(Stored entries)
────────
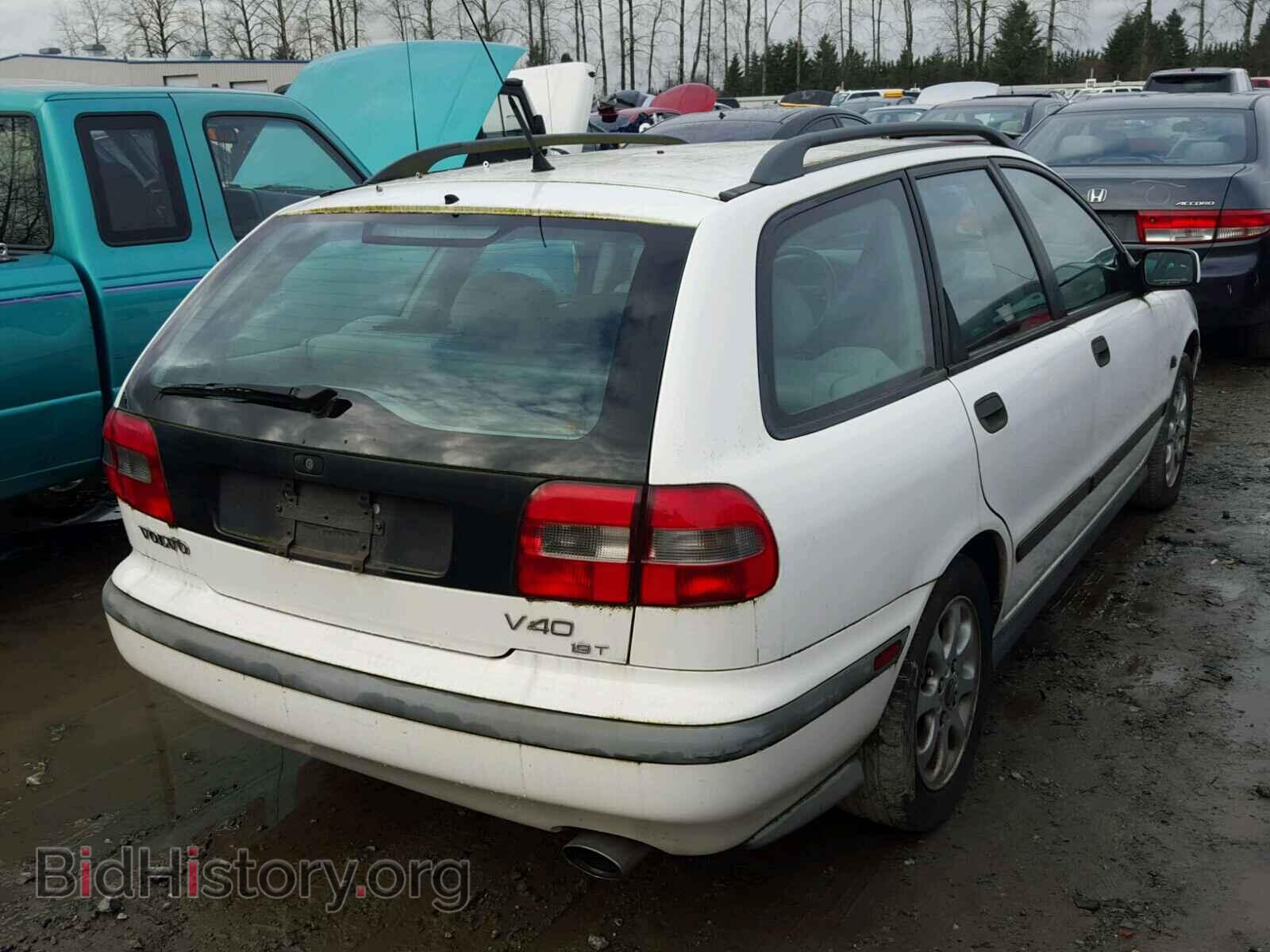 2000 VOLVO V40 - VIN: YV1VW2522YF425331 - Photo 4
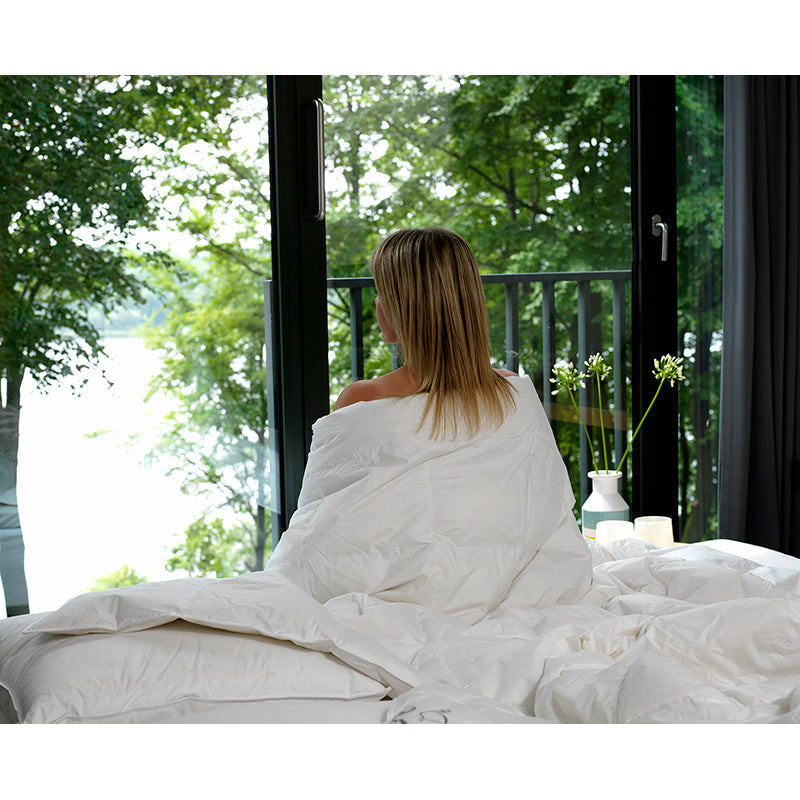 Ringsted Dun, Kiddy juniorpute m. andedun - 40 x 45 cm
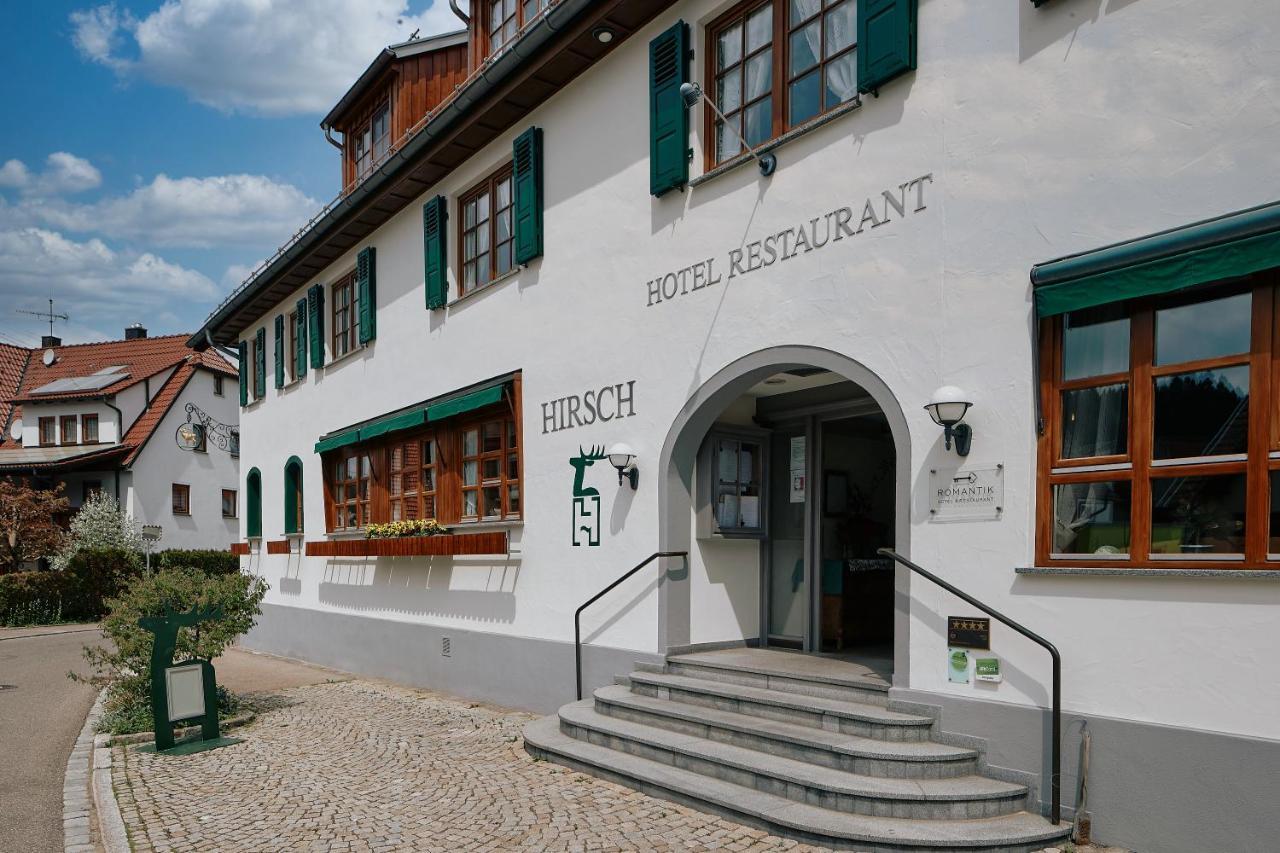 Romantik Hotel & Restaurant Hirsch Sonnenbuhl Exterior photo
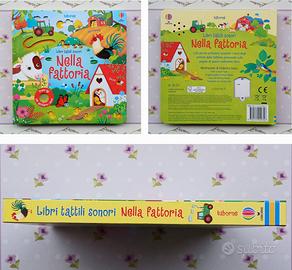 Libro sonoro animali della fattoria 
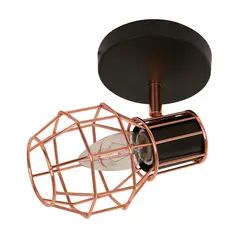 General Lighting - Lámpara de Barra Geométrica 1 Luz E27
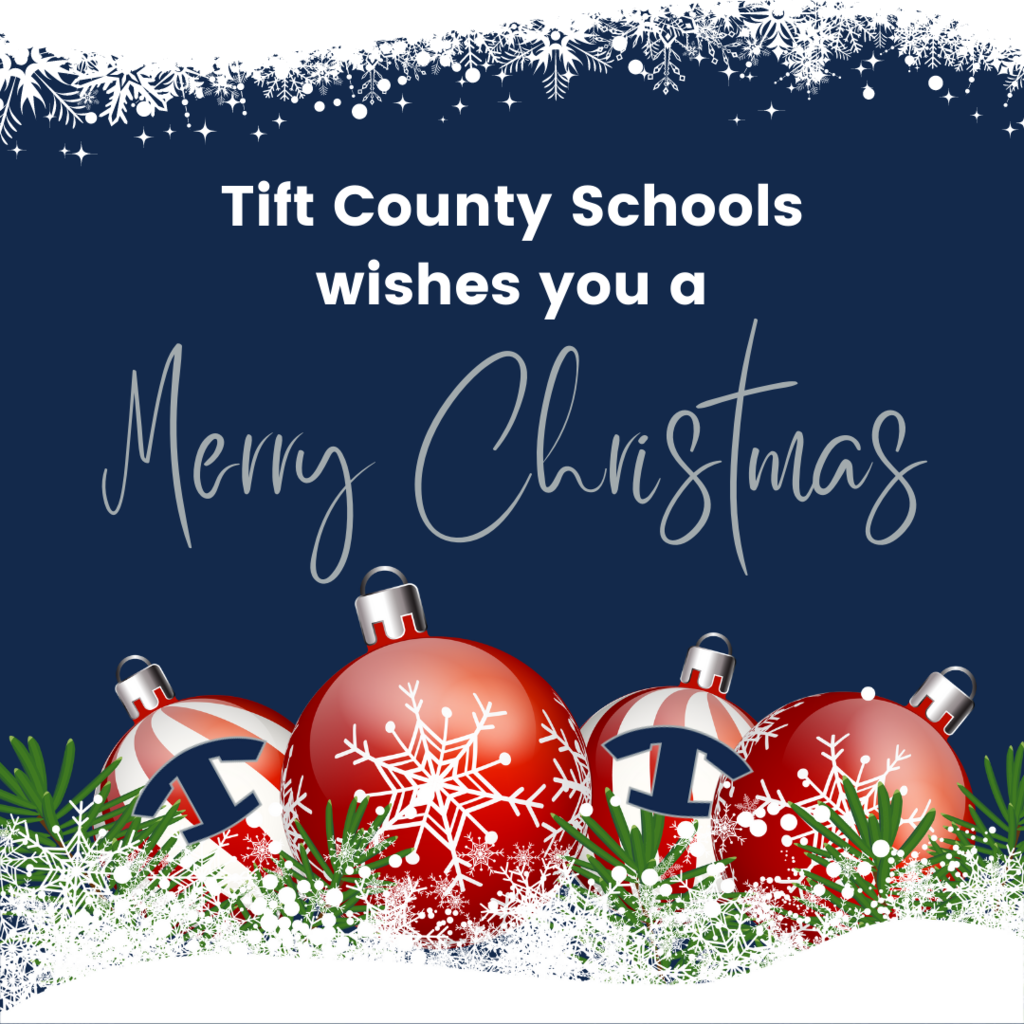Merry Christmas from Tift County Schools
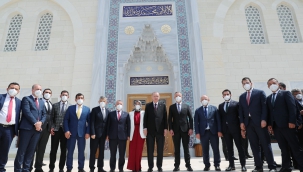 Cumhurbaşkanı Erdoğan, Zonguldak’ta Uzun Mehmet Camisi’nin açılışını gerçekleştirdi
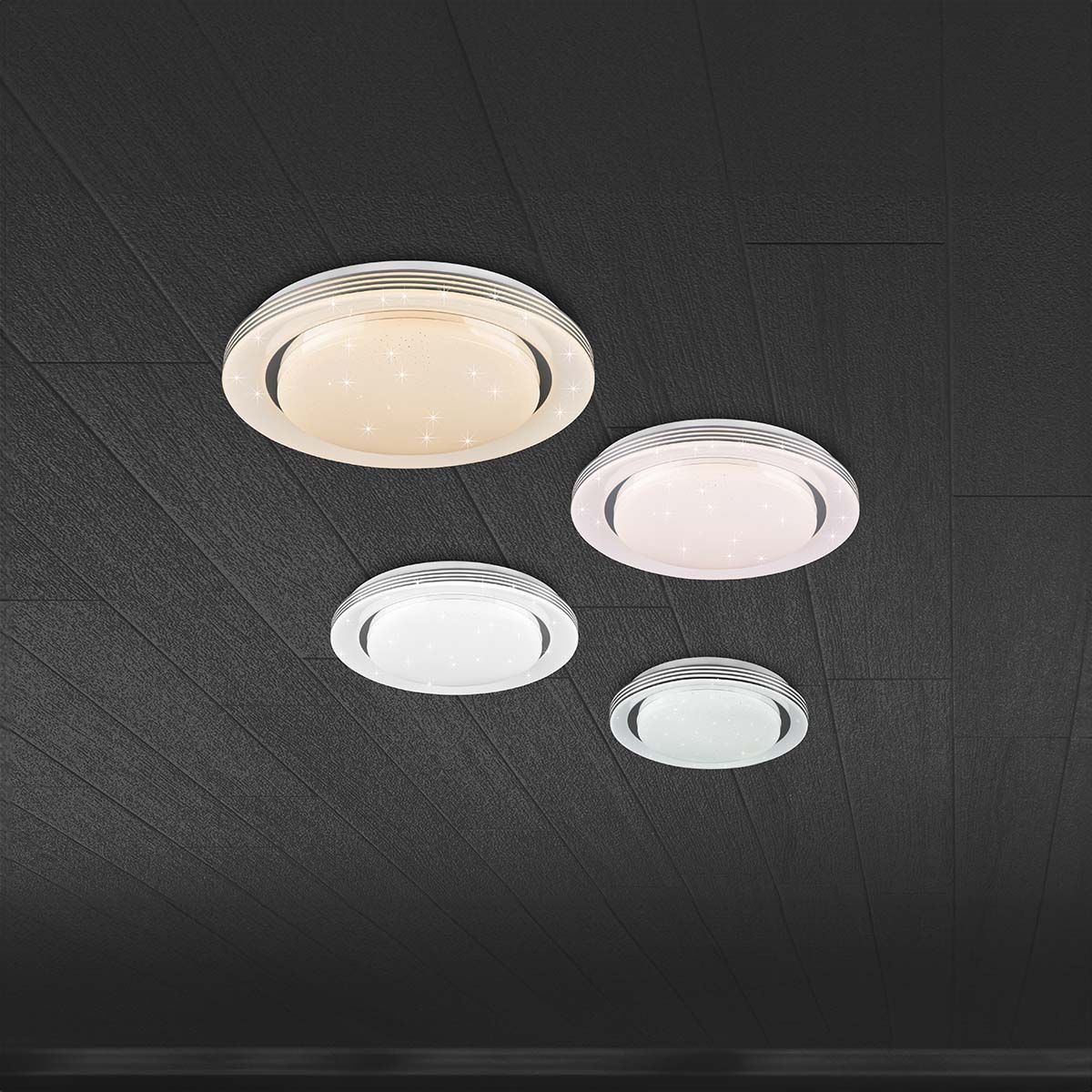 Kronleuchter & Deckenlampen: LED Deckenleuchte, Farbwechsler,58 cm Ø – Neu (gemäss Beschreibung) aus Kreuzlingen von Smart-Light 4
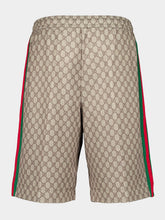 Gucci Technical Jersey Shorts with Web
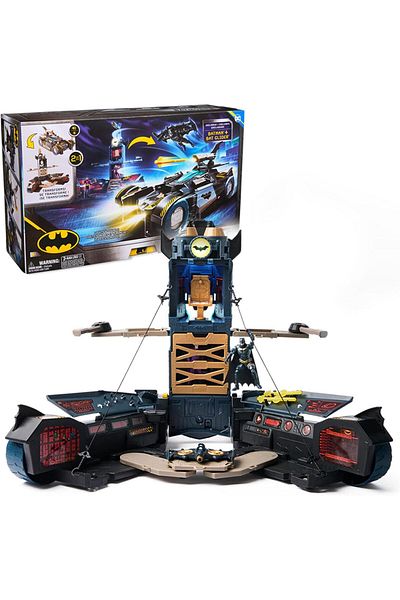Spin Masters DC Batman Ultimate Transforming Batmobile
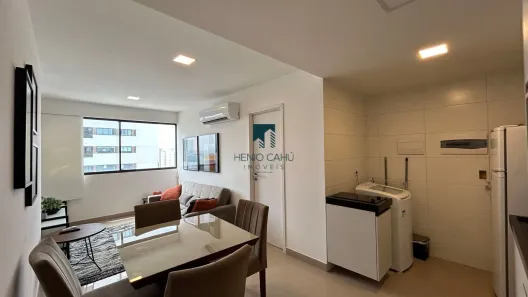 Flat com 1 Quarto para alugar, 40m² no Boa Viagem, Recife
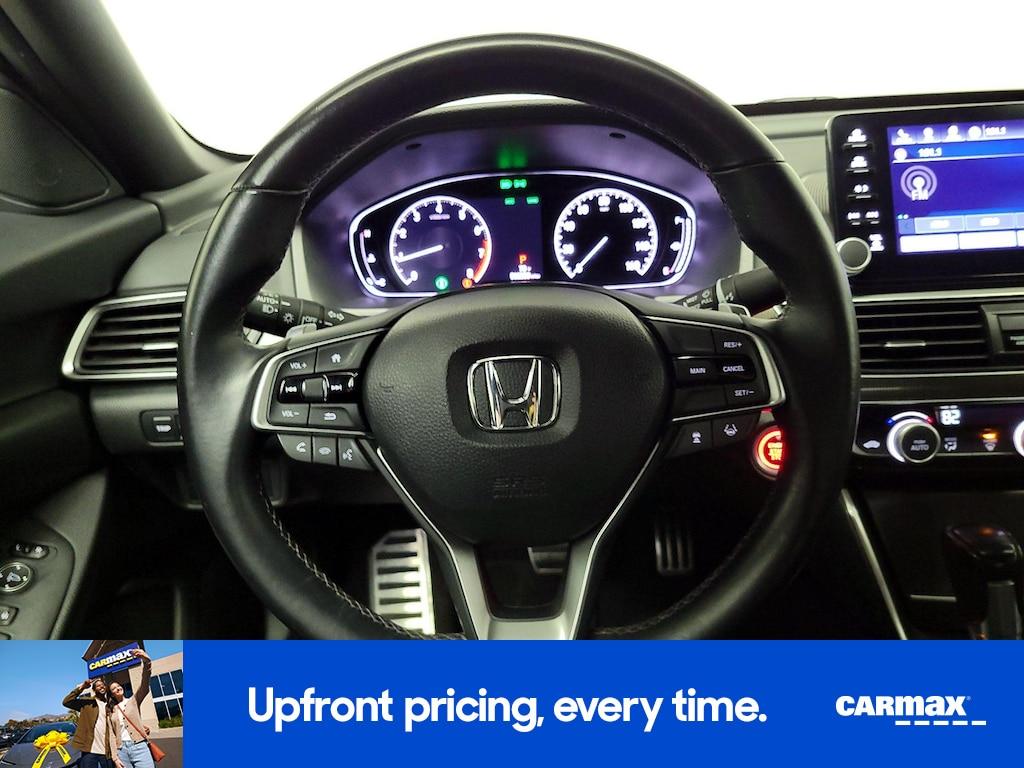 used 2019 Honda Accord car, priced at $22,998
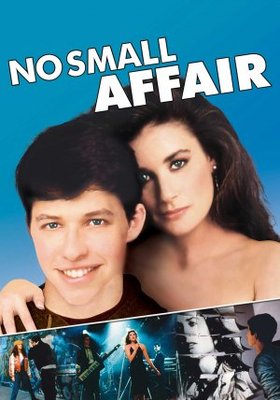 No Small Affair movie poster (1984) wooden framed poster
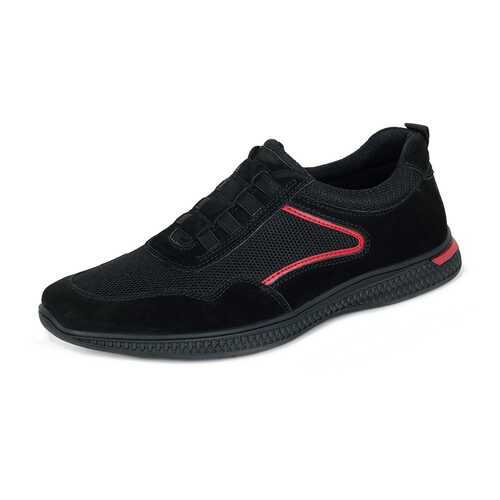 Кроссовки мужские Alessio Nesca FM20SS-07 черные 40 RU в Black Star Wear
────────
_Activity_.
Your output should consist solely of the lines from the line containing "Cumhurbaşkanı Erdoğan, Zonguldak’ta" through the last line of the entries, verbatim, minus any pictures.

_Exercise solution_.
 Cumhurbaşkanı Erdoğan, Zonguldak’ta Uzun Mehmet Camisi’nin açılışını gerçekleştirdi
 Kronleuchter & Deckenlampen: LED Deckenleuchte, Farbwechsler,58 cm Ø – Neu (gemäss Beschreibung) aus Kreuzlingen von Smart-Light 4
 Gucci Technical Jersey Shorts with Web
Spin Masters DC Batman Ultimate Transforming Batmobile
 Flat com 1 Quarto para alugar, 40m² no Boa Viagem, Recife
 used 2019 Honda Accord car, priced at $22,998
 No Small Affair movie poster (1984) wooden framed poster
 Кроссовки мужские Alessio Nesca FM20SS-07 черные 40 RU в Black Star Wear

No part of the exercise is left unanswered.